Vou ser o mais direto possível: dá-me um beijo. É simples, um beijo. Não tenho mais nada para te pedir. Não estou a dizer que isto vai mudar alguma coisa, mas vês alguma razão para não o fazeres?

Sei que o encostar de lábios não acaba com a fome, não impede a guerra nem faz chover dinheiro. Mas sei também – tenho a certeza – que os teus encaixam perfeitamente nos meus. Sei ainda que não estás longe de pensar o mesmo e sei, principalmente, e por fim, que precisamos disto.

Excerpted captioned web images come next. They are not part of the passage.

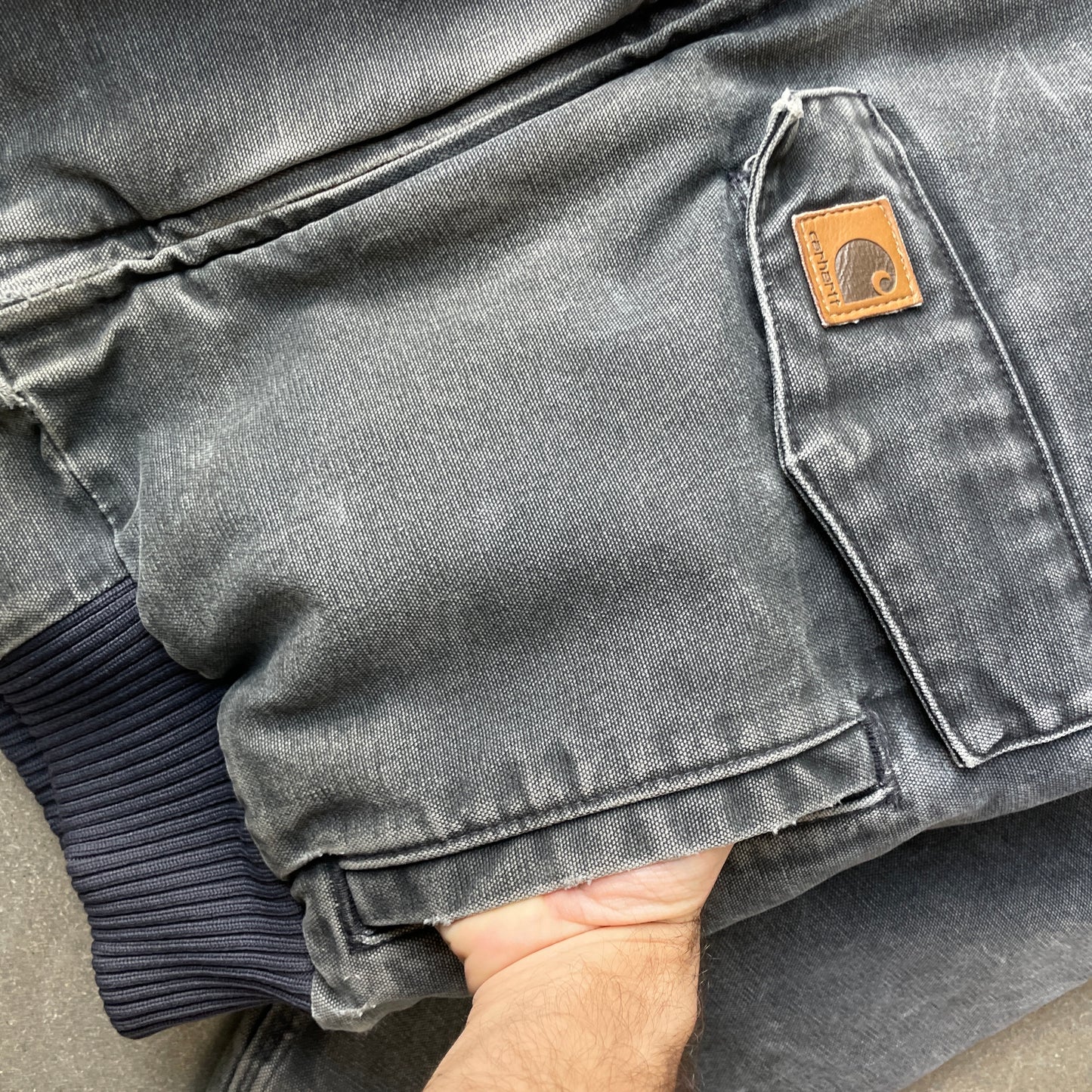 1990s Faded Carhartt Work Jacket [M]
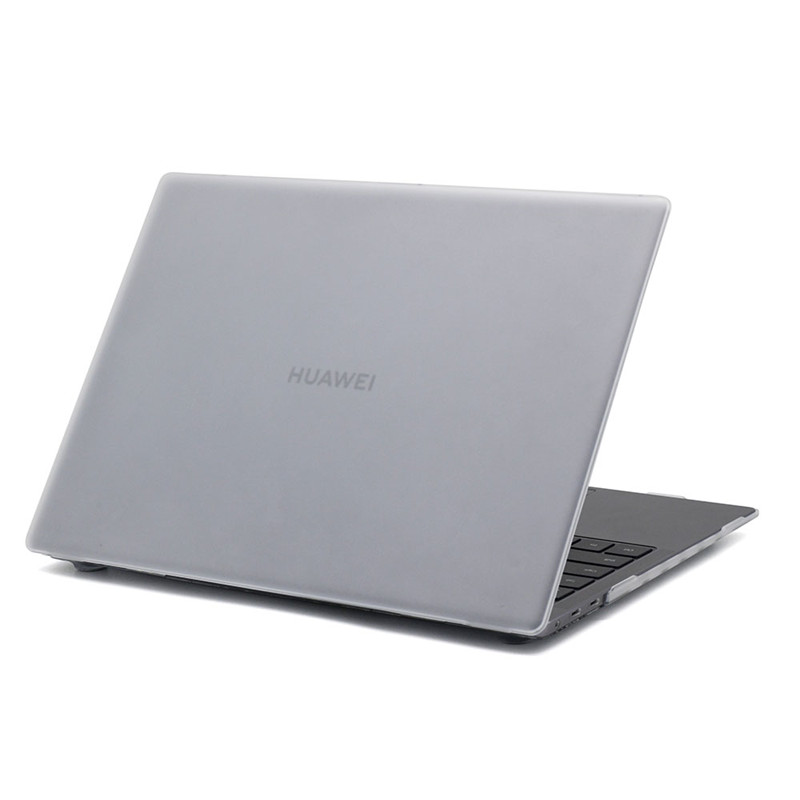 Funda para portátil Huawei Matebook D14 D15 , carcasa transparente mate dura para portátil Matebook D 14 D 15: Crystal transparent / for Matebook D15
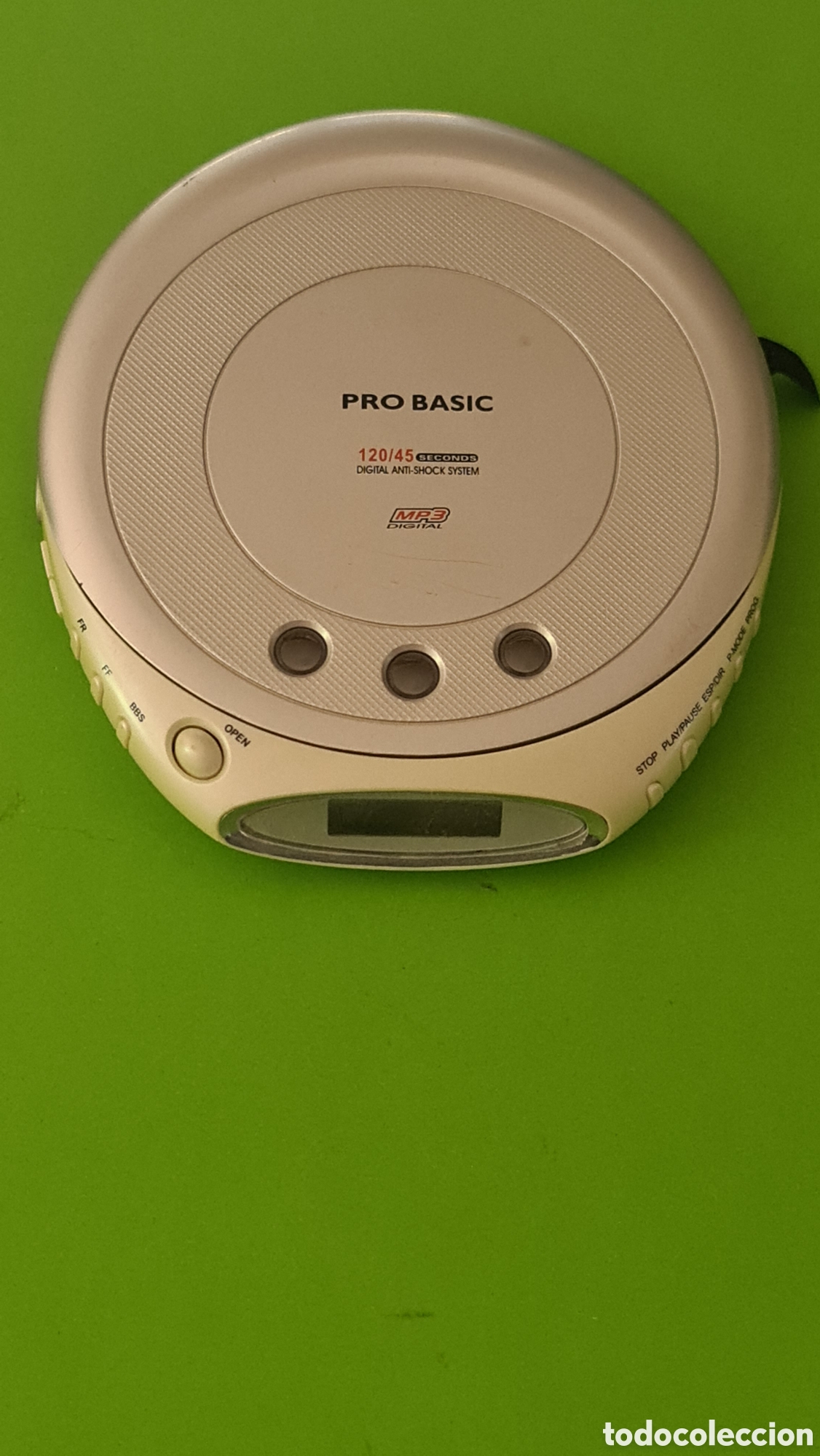Radios antiguas: Reproductor CD port&aacute;til / Marca Pro Basic - Foto 1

Precisamos de um primeiro beijo, sabes? Pode até ser o primeiro e o último, mas todas as obras começam pela primeira pedra. E para haver um último, tem de haver sempre um primeiro! Não digo que seja o ponto de partida para algo, é antes uma necessidade que temos de suprir.

O primeiro beijo é como escrever numa folha em branco. Pouco importa o que vai sair dali, interessa é tirar o vazio daquela folha e dar-lhe vida. Fazê-la ser algo, criar matéria neste mundo. O primeiro beijo fica para sempre na memória: para uns gravado, para outros cravado. Tem algo de infantil na forma como nos encolhemos na hora H e uma face bem adulta na mensagem poderosa que pode transmitir. Um beijo acalma, serena, conforta. Um beijo pica, arde, arranha. Um beijo atrai, puxa, abraça. Um beijo derruba, fere, mata.

Então anda, vamos jogar nesta roda da sorte. Pode ser em casa ou na rua, sozinhos ou num estádio. Não interessa a hora, não vamos chegar atrasados ao trabalho por causa de um beijo. Não vamos queimar mais tempo a imaginar como seria. Não queremos envelhecer ao sol a pensar no momento, no fechar de olhos, na inclinação do corpo.

A sério, chega! Cheguemo-nos um ao outro e façamos aquilo que falta. Porque falta. Se depois algum de nós se sentir perdido, então que recue, mas com o sentimento de missão cumprida. Afinal, foi apenas um beijo. Ainda que tenha sido o primeiro.